**Activity:** Where a record contains an image, leave the image out and print the rest exactly.

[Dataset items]
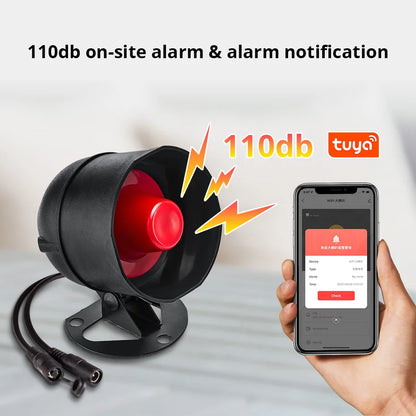 Home Alarm Systems with Loud Siren Speaker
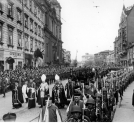 Uroczystości pogrzebowe marszałka Polski Józefa Piłsudskiego w Warszawie w maju 1935 roku.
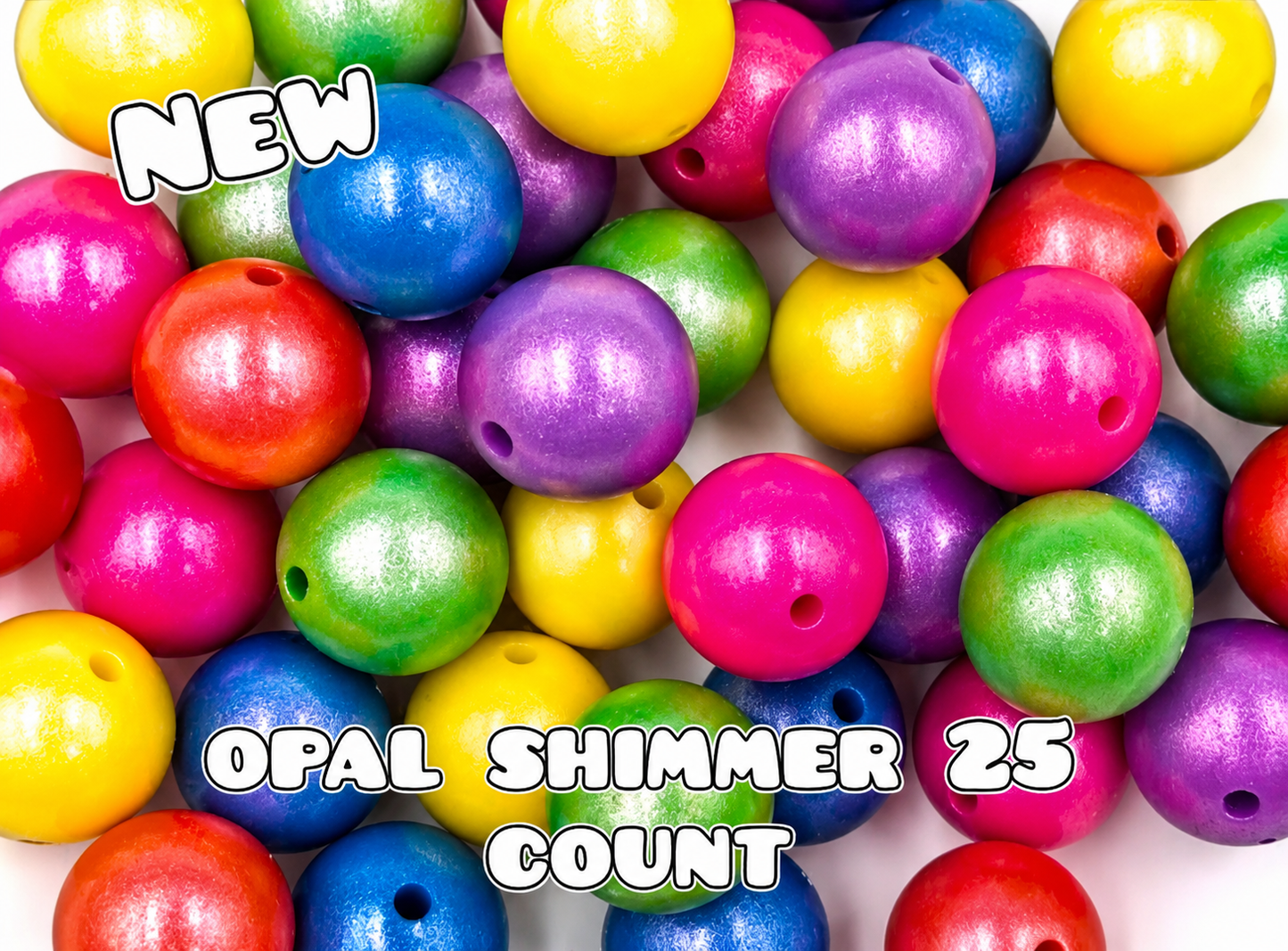 New 25 Count Silicone Opal Shimmer Mix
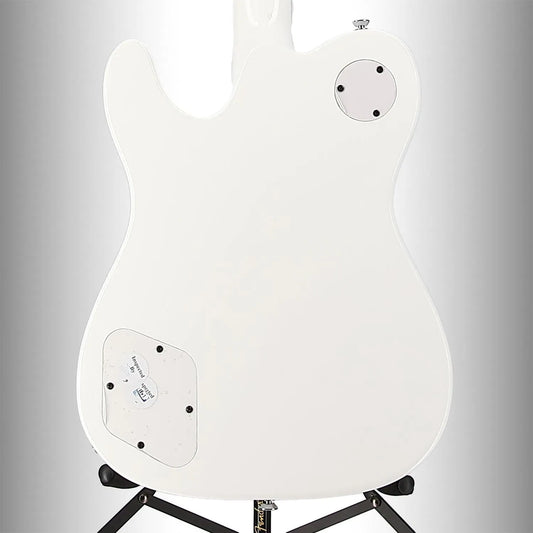 Jim Adkins JA-90 Telecaster Thinline, Laurel Fingerboard, White (Z4) (00238)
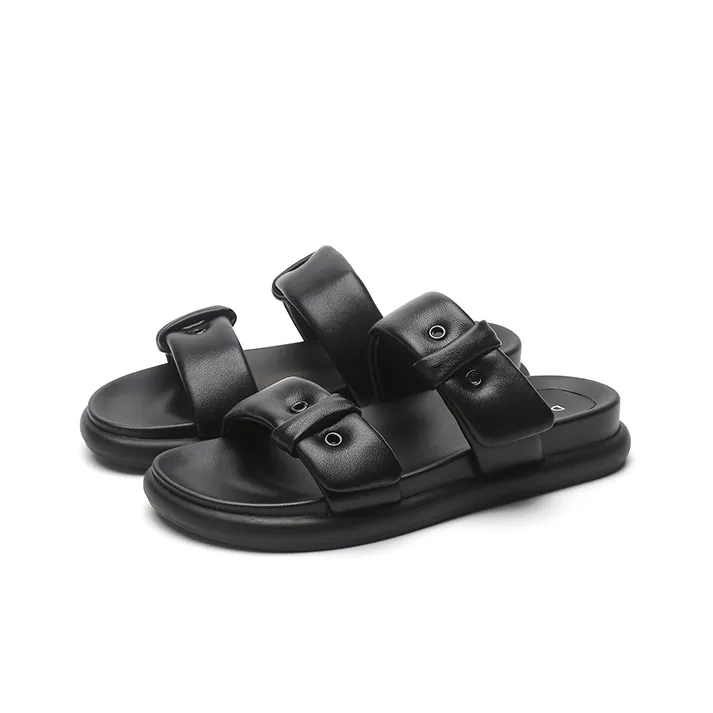 DAPHNE Rubber Sole Slip Resistant Abrasion Resistant Slide Slippers Women's-2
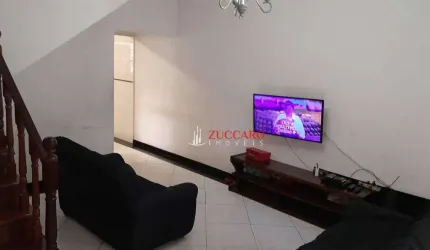 Sobrado com 3 quartos, edícula com banheiro e 2 vagas de garagens a venda na Vila Barros em Guarulhos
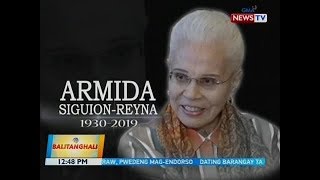 BT Arminda SiguionReyna pumanaw na sa edad na 88 [upl. by Lauer]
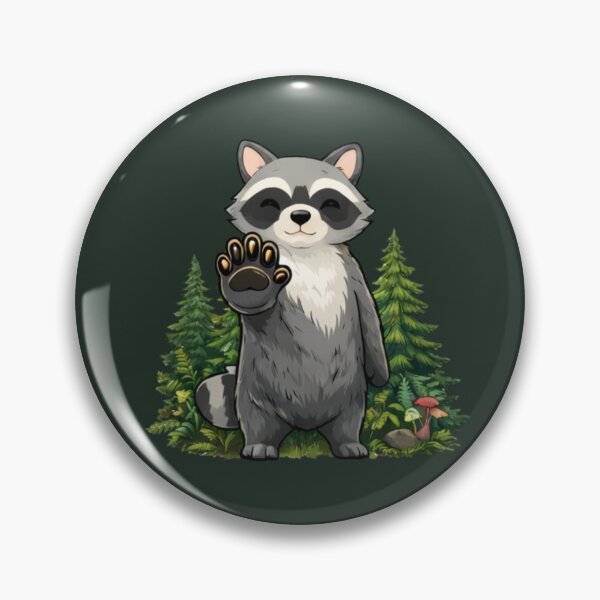 Item preview, Defend Wilderness Raccoon – Small Guardian of Nature designed and sold by Ivy-Triggs.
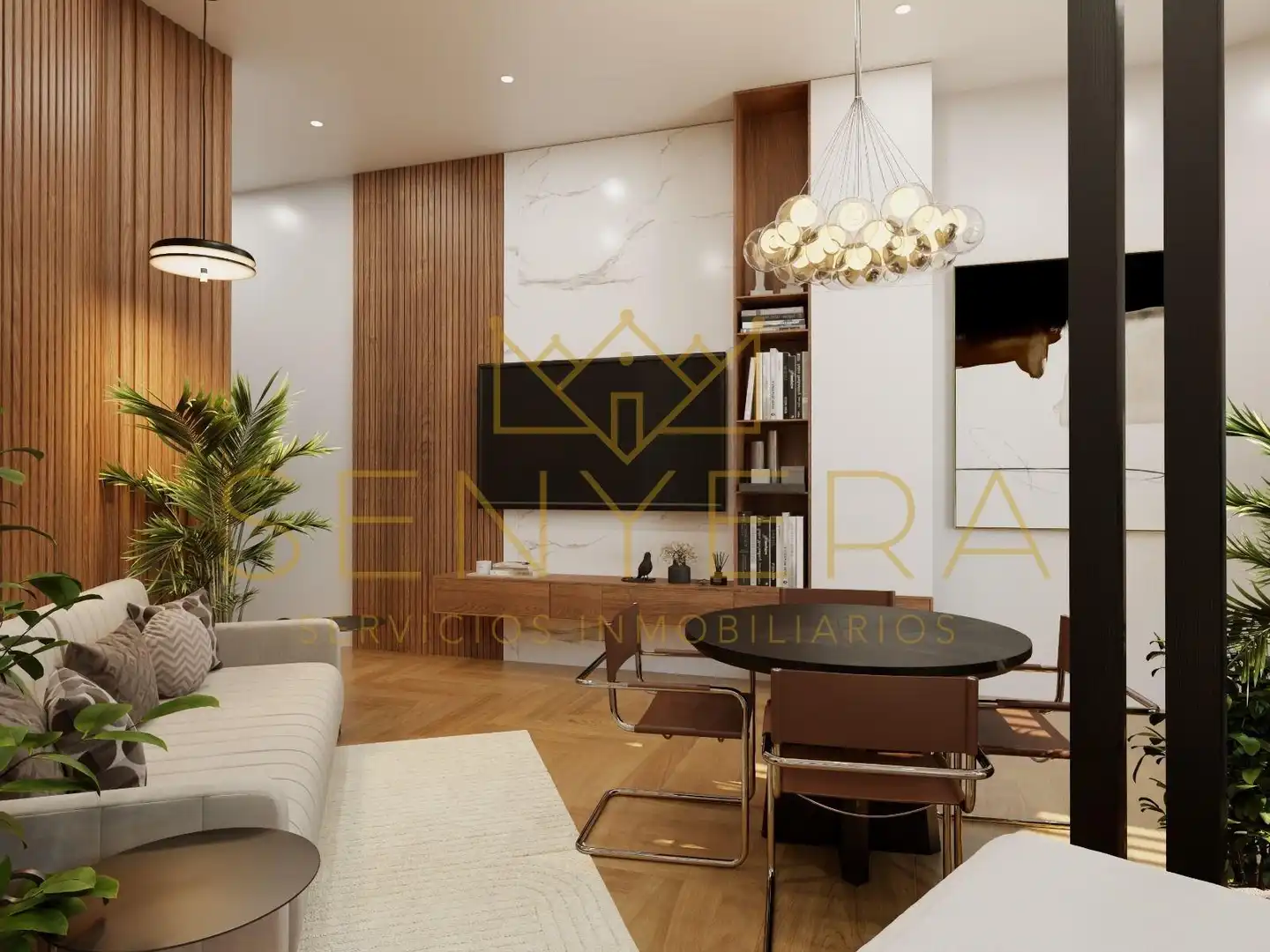 Sala de estar de Estudio en venta en Valencia con Aire acondicionado y Parquet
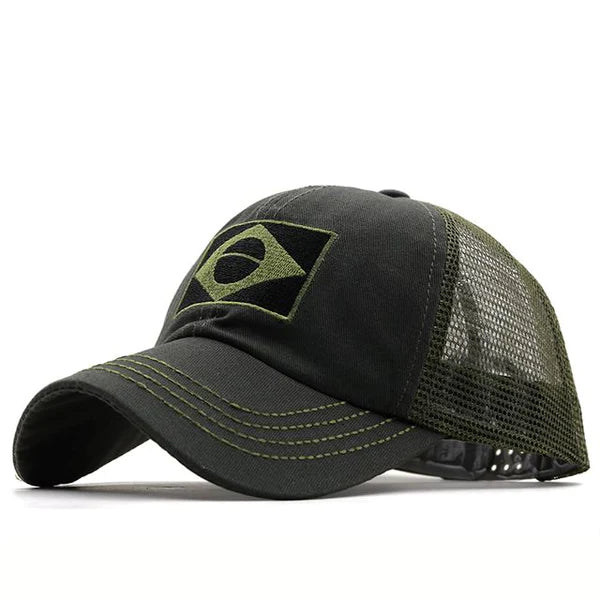 Boné Tático Patriota Brasil Joias & Acessórios (Boné 1) Dm Stores Verde Exército Tela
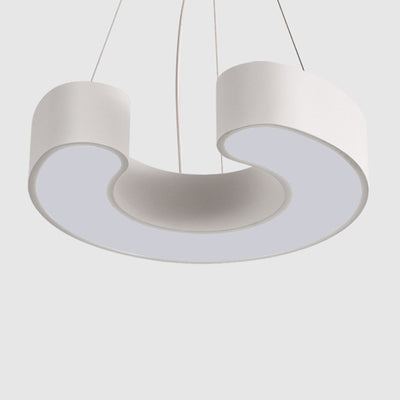 Moderne Einfachheit Kuppel Geometrie Eisen Acryl Lampenschirm LED Kronleuchter Für Büro 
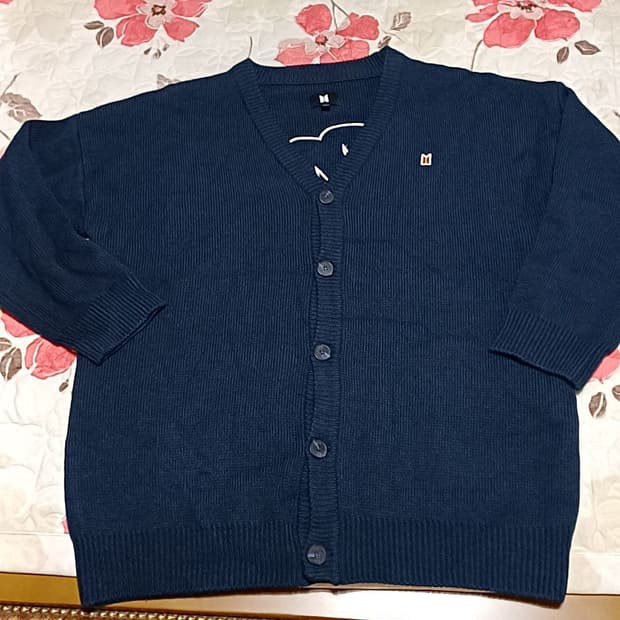 BTS 오버핏 DNA 롱가디건 Free 가슴68 기장80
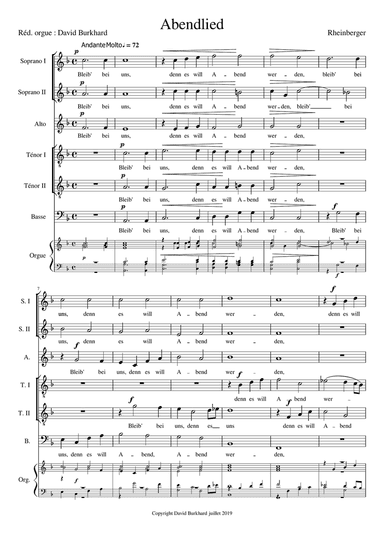 Abendlied - Rheinberger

**Result below:**
 Home Alarm Systems with Loud Siren Speaker
 Uroczystości pogrzebowe marszałka Polski Józefa Piłsudskiego w Warszawie w maju 1935 roku.
 New 25 Count Silicone Opal Shimmer Mix
 Jim Adkins JA-90 Telecaster Thinline, Laurel Fingerboard, White (Z4) (00238)
 DAPHNE Rubber Sole Slip Resistant Abrasion Resistant Slide Slippers Women's-2
 Sobrado com 3 quartos, edícula com banheiro e 2 vagas de garagens a venda na Vila Barros em Guarulhos
 BT Arminda SiguionReyna pumanaw na sa edad na 88 [upl. by Lauer]
 Item preview, Defend Wilderness Raccoon – Small Guardian of Nature designed and sold by Ivy-Triggs.
 Sala de estar de Estudio en venta en Valencia con Aire acondicionado y Parquet
 Boné Tático Patriota Brasil Joias & Acessórios (Boné 1) Dm Stores Verde Exército Tela
 Moderne Einfachheit Kuppel Geometrie Eisen Acryl Lampenschirm LED Kronleuchter Für Büro 
 BTS 오버핏 DNA 롱가디건 Free 가슴68 기장80
 Abendlied - Rheinberger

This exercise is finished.